I was assigned to the last corral of the second wave, so I was at the very back of the pack at the start, which was just fine. I'd heard that the front was like a running mosh pit, and given my tendency to panic in crowds, I was glad for the breathing room. I was even happier to be at the back while running across the bridge. The view from the bridge was spectacular – all of New York was laid out in the distance. A cruise ship had just come into the harbor under the bridge, and two cargo ships were lined up to leave. One of the Fire Department fire boats was right beneath us, spraying huge fountains of water. For a brief moment, I regretted not having a camera with me, but then I realized that no picture could ever accurately and fully capture the scene, so I drank it in as a ran.
Running through Brooklyn was really cool. The different neighborhoods turned out in full force to cheer us on. At some points, there were so many spectators lining the streets that it was like running through a tunnel of sound. The Williamsburg section was a bit surreal. A large number of Orthodox Jews live there, and they were out watching – the men with their black hats and ear curls, the women with their long dresses and hats – but they were silent. The little kids, though, were going nuts. It was just such a contrast after the noise of Park Slope.
Turning on to First Avenue after the death march on the 59th Street Bridge was a life saver for me.
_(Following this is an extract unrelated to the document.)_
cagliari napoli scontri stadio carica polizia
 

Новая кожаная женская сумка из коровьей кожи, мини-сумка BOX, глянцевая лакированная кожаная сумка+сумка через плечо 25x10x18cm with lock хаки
The mass of sheer humanity moving northward, both the runners and and the spectators, was an incredible sight – bobbing heads as far as I could see.
Several times during the race, I ran behind groups from Achilles International, and they were just inspiring. One group was escorting a blind runner – with one guide holding on to a tether and three guides keeping the path clear for him. I also saw Achilles International guides escorting wheelchair and amputee athletes. One group was running with a man who was blind and deaf – it was his 13th NYC Marathon. I saw him at mile 24, so I think it’s safe to assume he completed his 14th. This is group I want to be involved with. Being able to share my love of running with others who otherwise might not be able to run races would be a wonderful way to run.
As I was running through the Park, at about mile 25, my aunt and uncle spotted me. Seeing them was a much-needed boost at that point. As was giving two little girls high-fives on Central Park South.
Finishing the race was such a joy and a relief. All the months of work and worrying and planning had paid off, even if my time was slow. When the volunteer hung my medal around my neck, I gave her the biggest hug and started crying for real. She gave me a hug back and got me moving again, which was a good thing. I really, really wanted to sit down.
I had arranged to meet Heidi and Lisa, my good friends and pit crew, at the steps of the Natural History Museum, and as I staggered up the hill from the Park to the Museum, I kept repeating, out loud, “Please let them be there. Please let them be there.” And the were – jumping up and down and cheering for me. I got all teary again.
When we got back to the apartment, I found a banner made by our neighbors and their kids. They had sent it along with Heidi and Lisa, who had hung it up while I was running. This is my favorite part of the banner.
Monday morning, I went to the marathon store and splurged on a finisher’s jacket and shirt. I wore the jacket for the rest of the trip, but I did take off the medal.
I could go on and on about the marathon, but I’m sure bored everyone to tears at this point. So I’ll end with another heart-felt thank you to everyone for all of your e-mails, comments and texts of encouragement, support and congratulations. They really did make a difference.